24. Februar 2011

Kritik: Alice im Wunderland

"Have I gone mad?" - 
Tim Burtons Auftragsarbeit für Disney, die erstmals seit BATMAN wieder so etwas wie kommerzielle Studiointeressen den Vorrang gegenüber den Intentionen seines Regisseurs vermuten lässt: Dabei ist ALICE eigentlich ein klassischer Burton-Stoff, jenes Werk von Lewis Carroll dass die Verquickung von Märchenmotiven mit kritischen Seitenhieben auf die Gesellschaft und der Realität als solches, schon lange vor dem amerikanischen Regisseur selbst aufgriff und prägte – und trotzdem: Vollständig zufrieden kann mit Burtons ALICE weder Publikum noch Macher selbst sein.

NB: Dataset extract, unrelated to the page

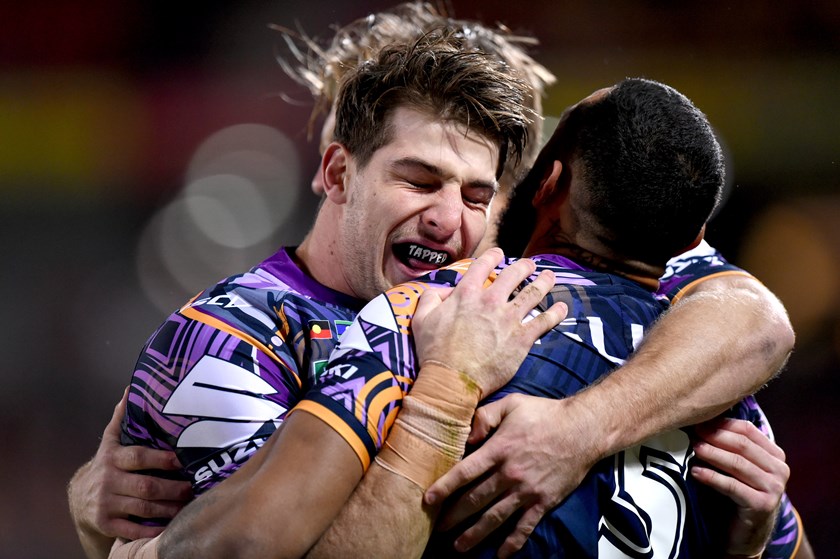 Storm centre Curtis Scott embraces teammate Josh-Addo-Carr.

Er hat die Themen der Vorlage verstanden, formt sie mit Hilfe von Autorin Woolverton durch die Vermischung der beiden „Wunderland“-Romane und der erwachsenen Perspektive sogar wirklich zu einem neuen Gerüst zusammen, nur um es im weiteren Verlauf (zu) großräumig mit bereits bekannten Farben auszumalen. Für einen Fantasten wie Tim Burton eigentlich kurios: Die besten Szenen seiner ALICE-Variation ergeben sich weniger in der Märchenwelt, sondern vielmehr außerhalb von dieser. Das Außenseitermotiv, dass sich wie ein roter Faden durch das Oeuvre des Filmemachers zieht, wirkt innerhalb der korsettähnlichen Adelsgesellschaft, mit der ALICE beginnt und endet, stärker nach, als ihre eigentliche Sinnsuche im Wunderland. 

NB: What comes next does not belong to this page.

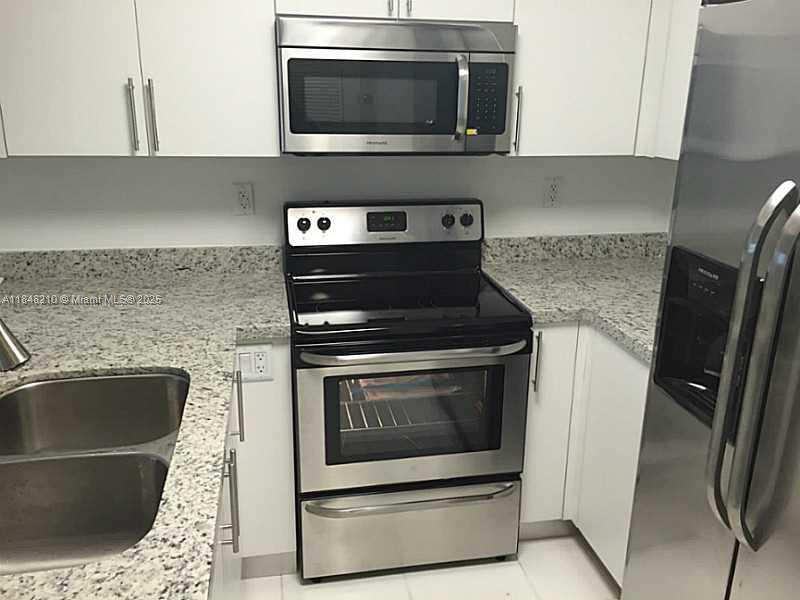 DADELAND PLACE CONDO - Residential Lease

Bisherige Verfilmungen des Stoffes seien ihm zu formelhaft aufgezogen, zu sehr auf  Kuriositätenkabinett als auf erzählerischen Film getrimmt, lies Burton zu seiner Motivation für eine neue Adaption seinerzeit verlauten. Große Worte, die angesichts der jetzigen Struktur des Films verwundern dürfen. 
Denn konträr zum Ausbruch aus dem Käfig von Erwartungshaltungen und Zwängen seiner Hauptfigur, verschreibt sich ALICE mit zunehmender Zeit durchaus eben solchen: Anders als bisherige Arbeiten des Regisseurs funktioniert der Trip durch das Wunderland nicht nur wie ein Genrewerk, sondern geht in seinen schwächsten Momenten auch nicht über die Grenzen eines solchen hinaus. So liebevoll und detailliert viele Frames ausgestaltet werden, der gallige Humor Burtons fehlt hier oftmals ebenso, wie das Durchbrechen typischer Blockbuster-Meriten durch umfassenden Subtext. Der Weg zur Emanzipation setzt die Konfrontation mit den eigenen Ängsten voraus, sei es zuerst auf der eskapistischen Flucht, oder später im realen Alltag: Nicht nur optisch gleicht das Fazit des Films ebenso enttäuschend, wie schon fast erschreckend all jenen Schlachtepen vergangener Kinojahre, denen man – ob Narnia oder Mittelerde – langsam überdrüssig zu werden scheint.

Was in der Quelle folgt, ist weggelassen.